No one expected Crist to be a policy wonk when he was elected governor. He has never been a detail guy, and it is not surprising that he has not been holed up in the governor's office reading policy papers. He did establish a more civil tone in Tallahassee, and even his political opponents find it hard to dislike him personally. But good manners only go so far. Voters did expect Crist to show up for work more regularly and spend more afternoons brainstorming with real experts to find some solutions to Florida's most pressing issues.
It's not as though the governor lacks challenges. Unemployment is higher than it has been since 1975, and more people are leaving the state than arriving. The property tax structure is worse than when Crist took office, and so is the property insurance situation. The governor has been less than successful in advancing much of his agenda through the Legislature, and in his last session in 2010 there are any number of big issues he could push: ethics reform, a fairer tax system, investment in higher education, renewable energy. But that would require spending time now to develop and refine his proposals, and Crist is too busy raising money for his U.S. Senate campaign. He drops by the state Capitol today for a Cabinet meeting and a full schedule, but later in the week he's off mining for cash in Phoenix and Las Vegas and . . .

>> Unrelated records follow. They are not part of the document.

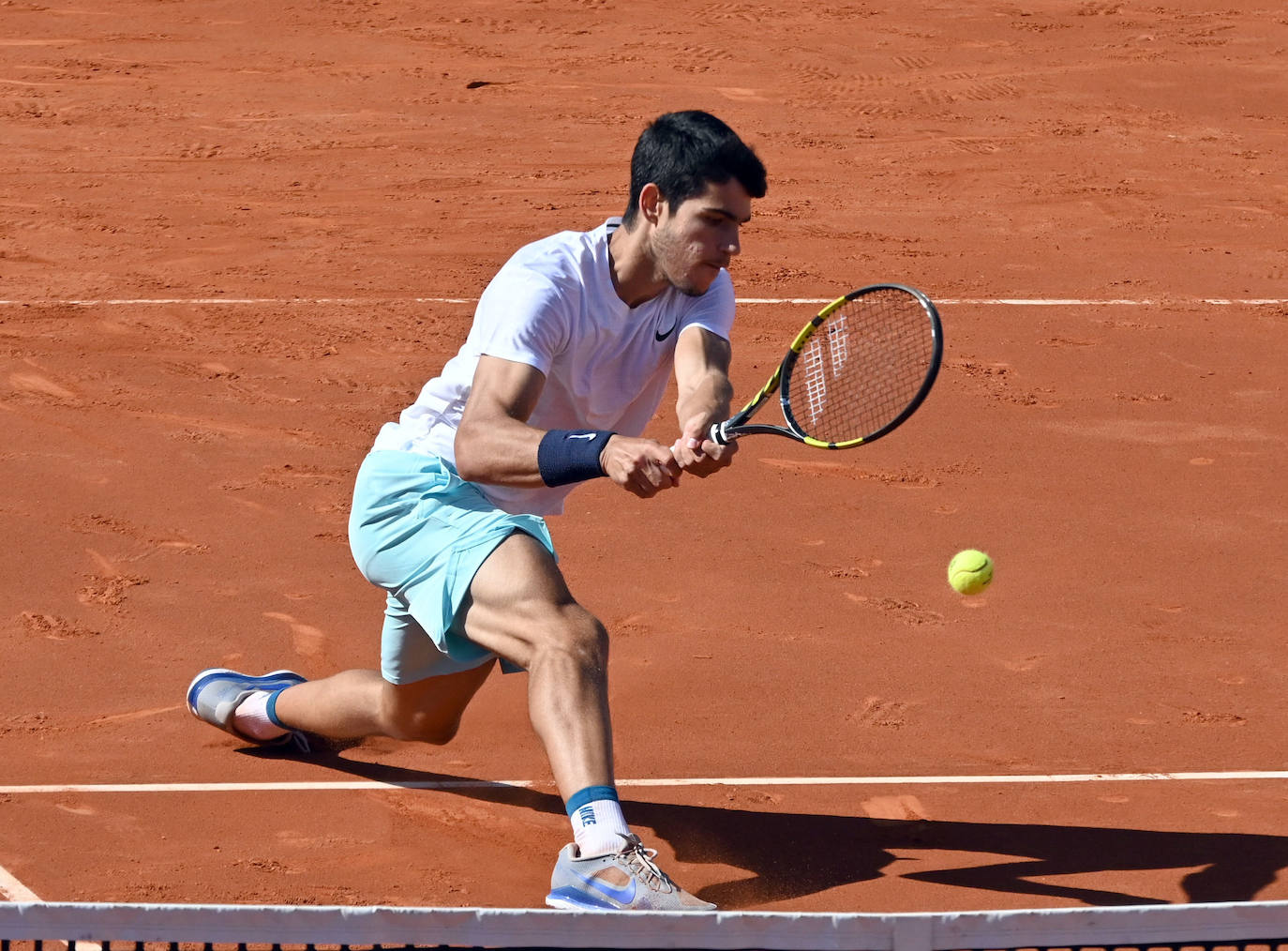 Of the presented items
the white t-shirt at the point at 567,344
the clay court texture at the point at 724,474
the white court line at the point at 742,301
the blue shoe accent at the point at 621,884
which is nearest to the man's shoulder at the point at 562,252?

Crist points out that a governor is never off duty, and that's true. His official calendar does not list all of his meetings and phone calls. But his predecessor, Jeb Bush, kept a far busier schedule and was determined to make a difference. Bush's predecessor, the late Lawton Chiles, was often hard to find in the mornings during hunting season. But Chiles also could be very effective when he was focused on policy — and he had a much more engaged lieutenant governor in Buddy MacKay than Crist has in Jeff Kottkamp. While Crist notes that his public schedule does not reflect his actual workload, it also does not show when he spends a weekday afternoon on his boat in Tampa Bay or shopping with his wife in Miami.
Attorney General Bill McCollum and Chief Financial Officer Alex Sink also do not have particularly heavy public schedules. McCollum has even more time unaccounted for than Crist, with the equivalent of 42 weeks off since January 2007. Sink looks like a comparative workaholic with the equivalent of some 26 weeks off. Now both McCollum and Sink are running for governor, so expect to see their office lights on even less.
Florida is supposed to have a full-time governor and Cabinet and a part-time Legislature, not the other way around. As Crist, McCollum and Sink each campaign for higher office, voters should question whether they are more interested in new titles than in tackling the challenges that come with the jobs.